There are several ways she says my name. The professional one: clipped, usually because someone with too much money has done something that could become my problem. The amused one: softer at the end, usually because I’ve said something true in the least helpful way available.
This one’s new. A request, for space. “Okay,” I say.
I stand and offer her a hand.
Her hand is warm, her grip firm. She rises without leaning on me much.
Maren doesn’t lean unless physics wins an argument.
She lets go slower than she needs to. Some part of me logs the duration, pressure, the half-second past necessary.
I don’t write it down. Some observations don’t go in a file. They go somewhere with worse security.
When she’s on her feet, the director comes back in layers. Face composed, voice already arranging the next three tasks.
“I’ll have Nia run a full check before guest access,” she says. “I’ll review the east grid before tours. It’s probably nothing, but I’d rather not have a child announce on social media that the trilobites are unionizing before I’ve had breakfast.”
“You don’t eat breakfast.”
“I occasionally stand near food.” She points her coffee at me. “I’ve eaten several protein bars in my life.”
“Name one flavor.”
“Rectangular.” Her smile appears again, smaller this time. It doesn’t stay. “Do you need anything for arrivals?”
“Senator’s son contained preemptively.
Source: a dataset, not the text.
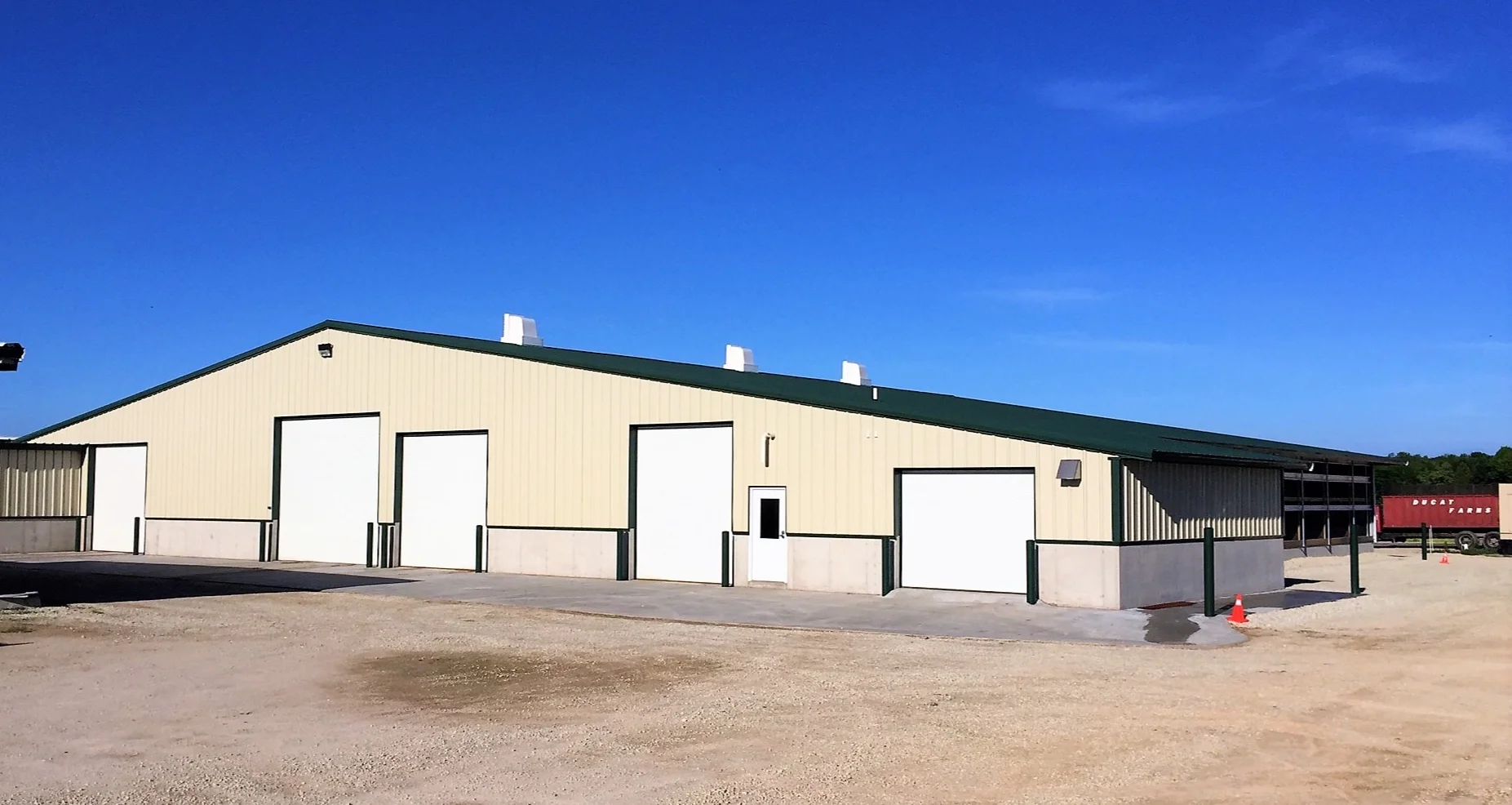DEER RUN DAIRY MATERNITY BARN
Gift shop armed with plush Kevins.”
She glances toward the atrium, then the research corridor. Split attention. Duty pulling one way, the evaluator pulling another.
“I’ll check the sub bay,” I say.
She nods. “Reyes sent a note about the east grid.”
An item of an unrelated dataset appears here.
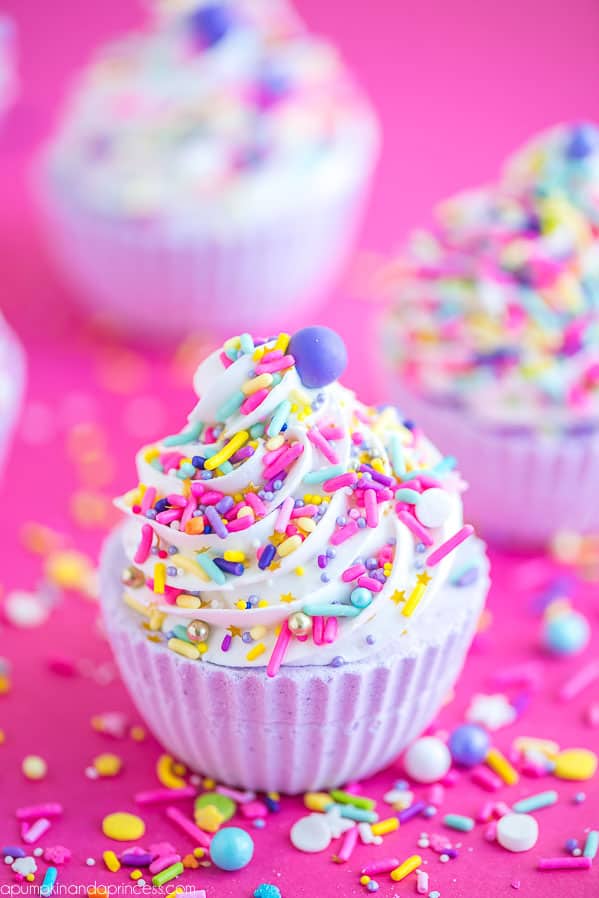 DIY Cupcake Bath Bombs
There’s the woman on the floor again, visible for one second through the director. Then gone.
“Yeah,” I say. “I heard it.”
Her fingers shift against the tablet. She wants to say something else. I can see it queue up and fail inspection. It leaves no wreckage. Just a blank place in her expression where a sentence should have been.
“Thank you,” she says instead.
“For what?”
“For noticing things.”
“That’s the job.”
“No,” she says. “It isn’t.” Then she turns and walks back toward the research wing.
I stay by the petting tank. Because I need to confirm the corridor clears, the atrium remains calm, and the trilobites don’t suddenly decide to provide a stronger argument for whatever they’re doing. Also because I watch her walk away.
Halfway to the research corridor, her shoulders change again. A small tightening across the back before she disappears through the research wing door.
The lock seals behind her with a soft pneumatic sigh.
I look back at the tank. Then I add a second note to the log.
Specimens continue avoidance posture.
Behind me, the resort stretches awake. Outside the glass, Kevin isn’t where I can see him.